Nicosia will certainly keep to the letter and even spirit of the law on US and more recent United Nations sanctions against Iran, diplomats and analysts here say. Cyprus would not risk American displeasure or break EU ranks for the sake of some extra easy cash.

“And banking and financial regulations are much stricter here than in somewhere like Dubai because Cyprus has signed up to and applies strict EU regulations,” a Nicosia-based Middle Eastern economist told the Sunday Mail.

Dubai, home to some 450,000 Iranians, has long been the place where Iranians go to escape punitive American sanctions. As a result, the emirate has come under increasing pressure from Washington to crack down.

But sanctions – which have failed to curtail Iran’s nuclear programme – have always been a blunt instrument and are a cause of widespread resentment, including among ordinary Iranians with little affection for their leadership. Iran, for instance, has a high incidence of airline accidents with horrendous fatality rates which most Iranians blame on the US for banning the import of aircraft American-made spare parts.

US sanctions now are aimed primarily at crippling Iranian banks and corporations connected to the regime. But the policy also punishes small businesses owned by individual Iranians from their country’s small and struggling private sector. Often, like many of the Iranian businesses in Dubai, they have no political connections and are often at odds with their government.

In 2002 the EU opened negotiations for a Trade and Cooperation Agreement, which is the EU’s main means of establishing contractual relations with a third country. These negotiations have been on hold since August 2005, when Iran resumed its nuclear activities under its new President, Mahmoud Ahmadinejad.

This move prompted the US to begin pushing for fresh international sanctions against Iran, and resulted in three UN Security Council resolutions. The sanctions concentrated initially on banking restrictions and then were extended to the sale of equipment and technology related to nuclear activities, and to weapons and related material. Cyprus found itself in the international spotlight recently, when the merchant ship “Monchegorsk” was suspected of carrying weapons-related material from Iran prohibited under the UN resolutions.

The EU is Iran’s largest trading partner, accounting for around a third of its exports and around two-fifths of its imports. EU exports to Iran in 2007 reached €10 billion, mainly machinery and transport equipment (around half the total), manufactured goods and chemicals. Iran’s exports to the EU reached €13.8 billion in 2007, mainly oil and gas and energy-related products (around 90 per cent, the sixth-biggest supply of energy products to the EU), carpets, pistachios and caviar.

Although the trade relationship has significant growth potential, the ongoing question of Iran’s nuclear programme has had a serious negative impact on its development. EU exports to Iran declined by an average of about 10 per cent in 2006 and 2007 following the imposition of the UN sanctions.

The lack of formal bilateral trade relations and the fact that Iran is not a member of the World Trade Organisation has not greatly affected EU-Iran trade, since most of Iran’s exports are oil products, for which there is no import duty.

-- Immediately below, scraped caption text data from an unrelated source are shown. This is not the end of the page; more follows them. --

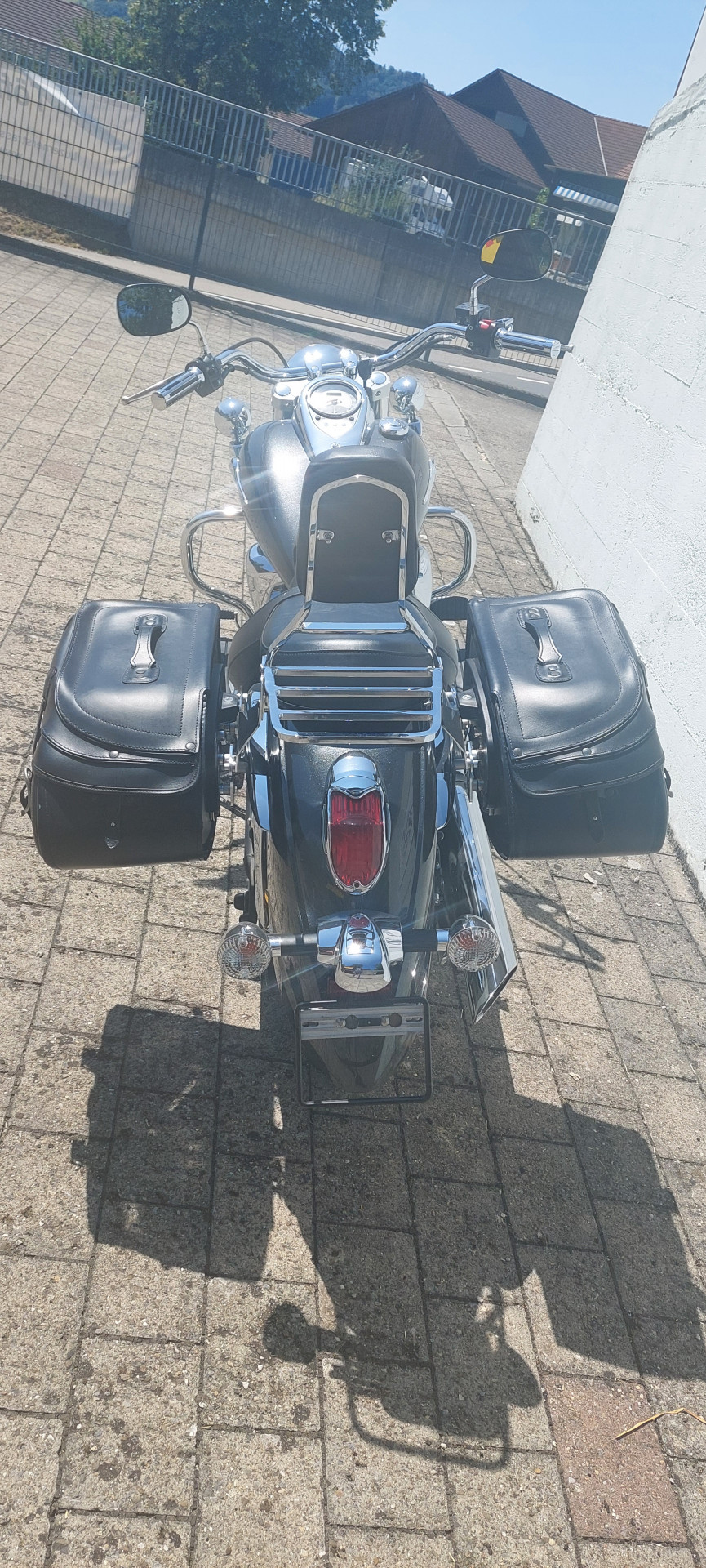 KAWASAKI VN 900 Classic-image-3
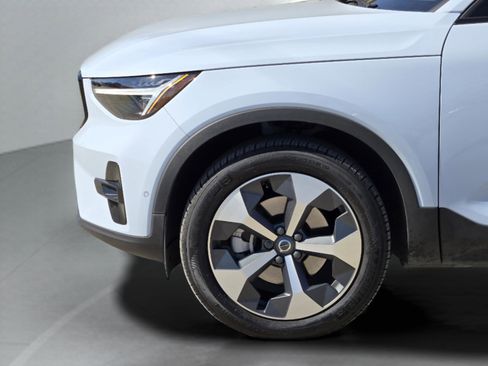 Used 2026 Volvo XC40 B5 Plus w/ Protection Package Premier image 38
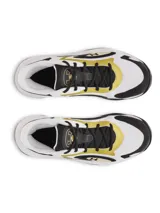Championes de básquet Under Armour Jet 25, con capellada de materiales mixtos en color blanco, negro y detalles amarillos, entresuela Micro G® y suela de goma resistente.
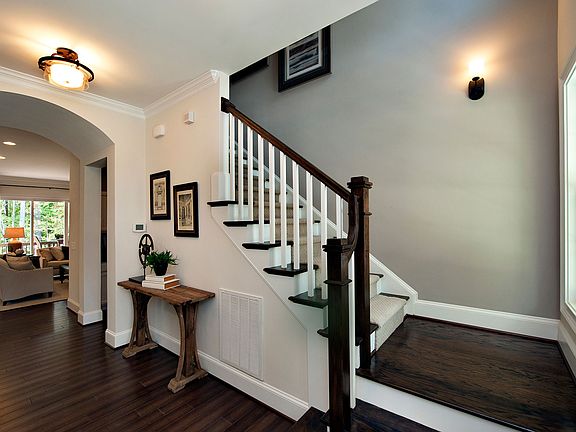 Brianna Foyer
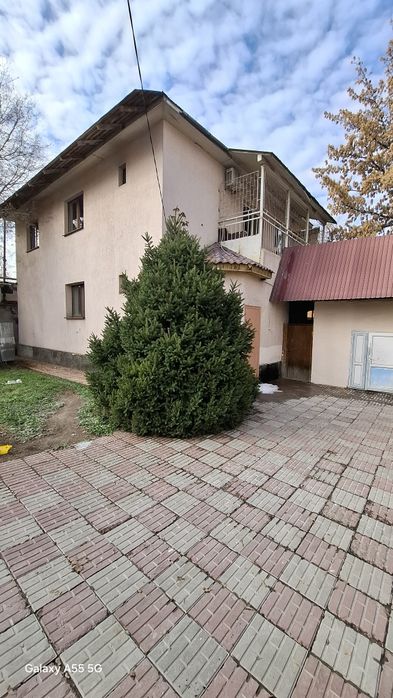 Сдам в долгосрочныю аренду двухэтажный шестикомнатный дом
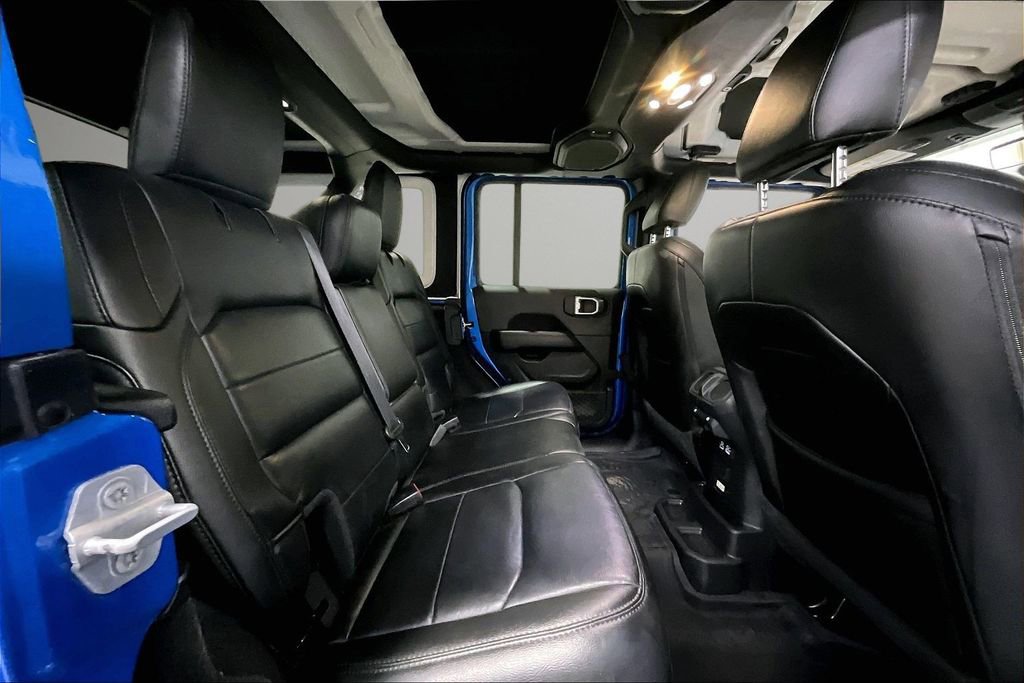 Used 2022 Jeep Wrangler Unlimited Sahara image 24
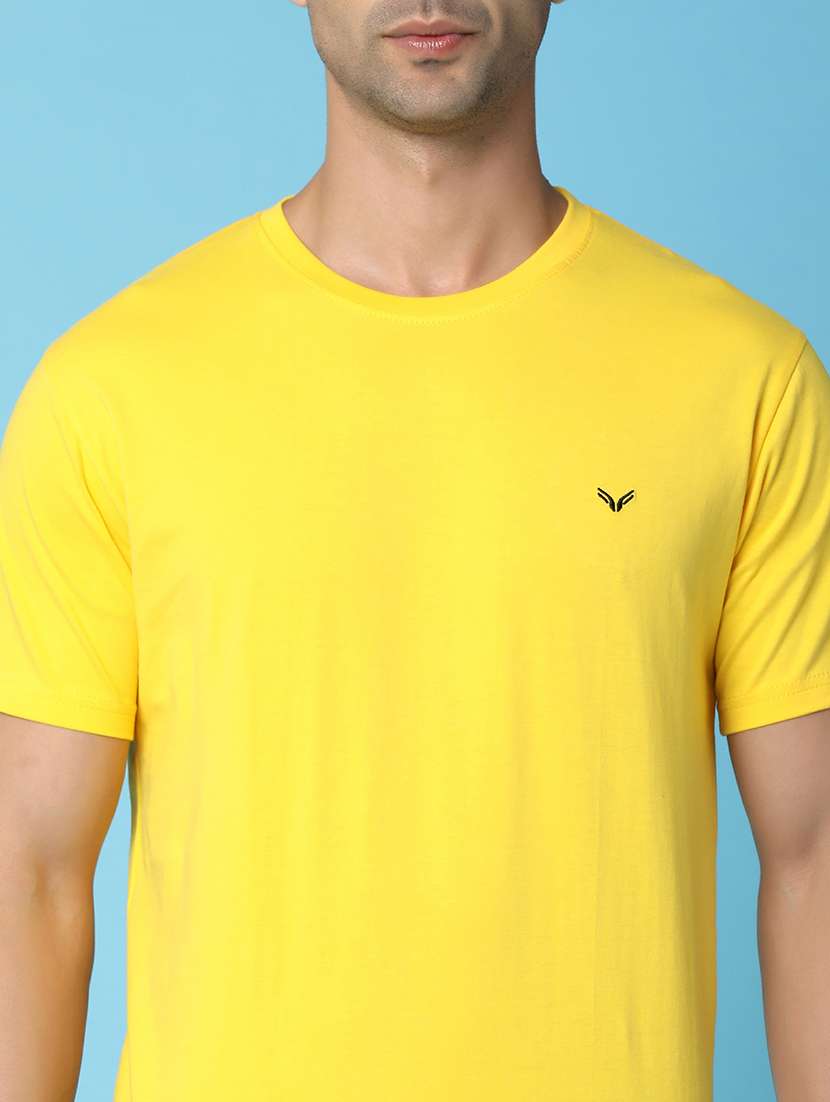 men round neck plain t-shirt - 20890873 -  Standard Image - 4
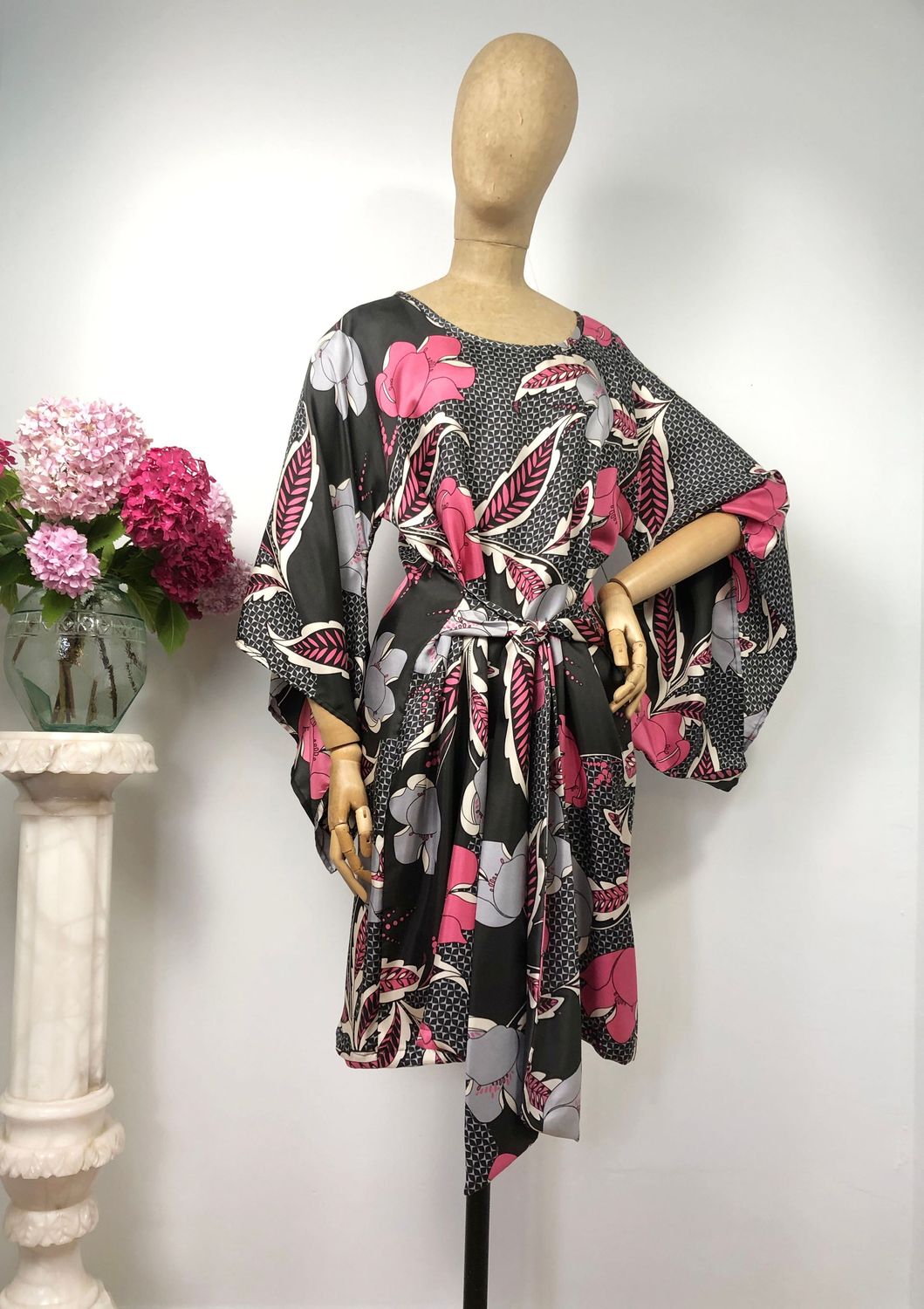 DIVA silk dress - Floral and Refined Elegance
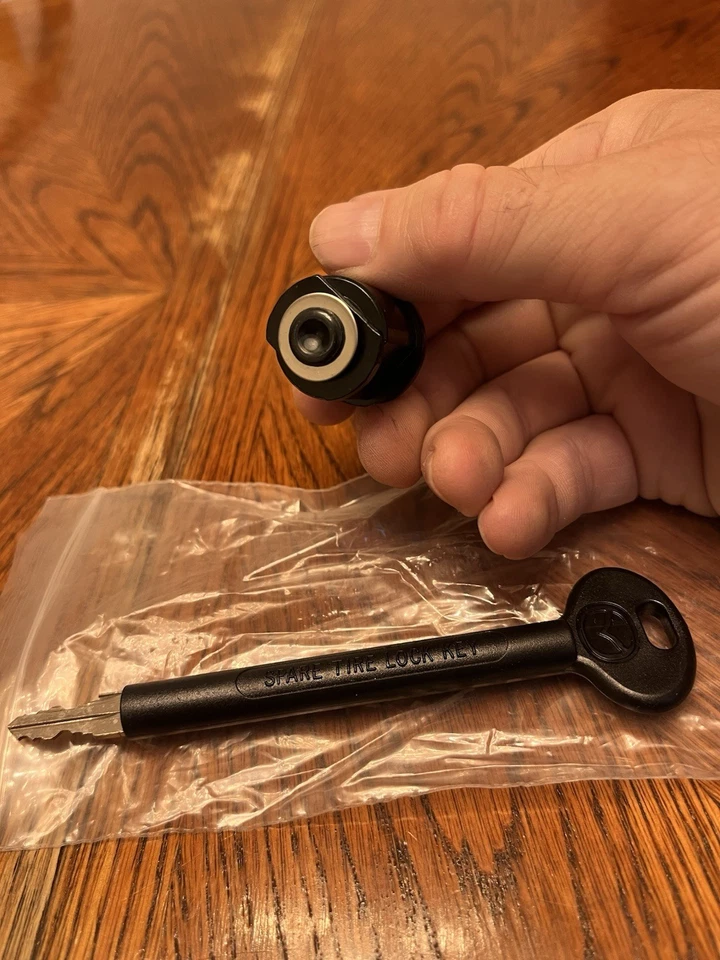 OEM FORD RANGER MAZDA B-SERIES TRUCK SPARE TIRE LOCK KEY SET NOS - Image 3 of 4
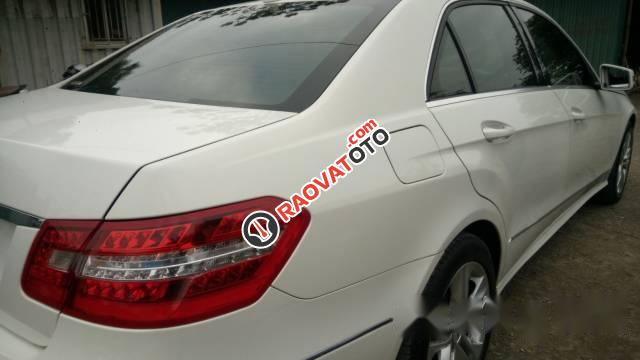 Bán Mercedes E250 đời 2011, màu trắng-2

The EU, like the US, has both political and economic reasons to develop closer ties with Iran. One pressing reason is that the drop in EU trade with Iran since 2005 has been offset, almost euro for euro, by rising Chinese sales to Iran, undermining the sanctions. On the strategic level, Iran has the second largest gas reserves in the world (16 per cent of total world reserves), the third largest oil reserves (10 per cent) and holds a vital geostrategic position, with its own strong interests in adjacent areas like Central Asia.

Apart from the nuclear issue, there are three other main areas which in the past the EU has highlighted as potential hindrances to developing co-operation with Iran. Firstly, Iran’s support for Palestinian groups such as Hamas and Islamic Jihad, and Hezbollah in Lebanon. Secondly, the EU would want Iran to pursue a policy of economic liberalisation as a pre-condition for significant foreign investment. Finally, Iran’s record on human still gives cause for concern.